The Business Times

Vietnam to sell 240,000 tonnes of rice to Malaysia: sources

Published Mon, Feb 2, 2015 · 04:23 AM

[HANOI] Vietnam has reached an agreement to sell 240,000 tonnes of rice to Malaysia, although the small volume and an eight-month loading schedule mean grain export prices will stay near multi-month lows, a state-run newspaper and traders said on Monday.

The country will ship the five per cent broken rice to Malaysia over April to November, the Vietnam Economic Times newspaper said, coinciding with the peak for Vietnam's main winter-spring crop harvest that is expected to provide more than 5 million tonnes of unhusked rice mostly for export.

An official at the Vietnam Food Association, which oversees the country's rice exports, declined to comment on the deal with Malaysia, the third-biggest buyer of Vietnamese rice after China and the Philippines.

While the report did not give any detail on the deal price, a Vietnamese private trader estimated that both sides may have agreed to a price of US$385 a tonne, free-on-board (FOB). "Vietnam has yet to publish the price of the deal as it is still eyeing a demand from the Philippines," another rice exporter said.

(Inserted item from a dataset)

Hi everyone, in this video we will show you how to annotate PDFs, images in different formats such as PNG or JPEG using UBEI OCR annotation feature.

The Philippines plans to import up to 500,000 tonnes for delivery between March and May to boost stockpiles and might go for a government-to-government deal, government and trade sources said last week.

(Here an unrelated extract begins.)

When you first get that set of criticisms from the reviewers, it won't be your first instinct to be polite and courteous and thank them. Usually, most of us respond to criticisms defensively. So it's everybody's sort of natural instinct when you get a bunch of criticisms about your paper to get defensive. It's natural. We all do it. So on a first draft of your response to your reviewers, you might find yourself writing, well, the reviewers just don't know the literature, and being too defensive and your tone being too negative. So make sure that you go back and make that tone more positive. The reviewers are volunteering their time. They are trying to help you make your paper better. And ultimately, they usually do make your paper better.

The price for Vietnam's five per cent broken rice fell to US$358-US$360 a tonne on Monday, FOB, from US$360-US$370 last week. The lower end of the range is the weakest price for the grain since mid-September, 2013, Reuters data shows.

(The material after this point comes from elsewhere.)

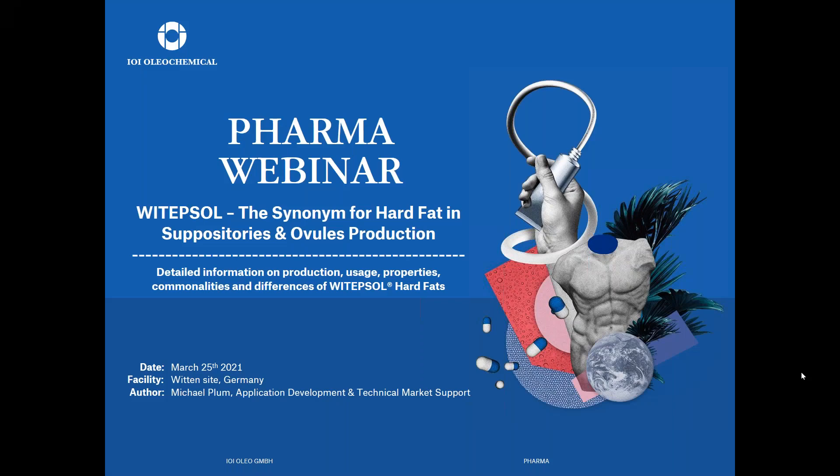Hello everybody and welcome to the pharma webinar on Vitebsol, the synonym for hard fat in suppositories and ovules production. My name is Michael Plum and I am working in product development and technical market support for more than 30 years. Today I would like to give you detailed information on production, usage, properties, commonalities and differences of our Vitebsol hard fats.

Traders in Ho Chi Minh City said they do not see any upside to Vietnamese rice export prices from the deal with Malaysia given its long loading duration. Malaysia took 470,000 tonnes of Vietnamese rice in 2014, up 1.5 per cent on year. "With some 30,000 tonnes to be shipped per month (April-Nov 2015), this small volume will not affect the market supply and prices," said a trader at a foreign firm in Ho Chi Minh City.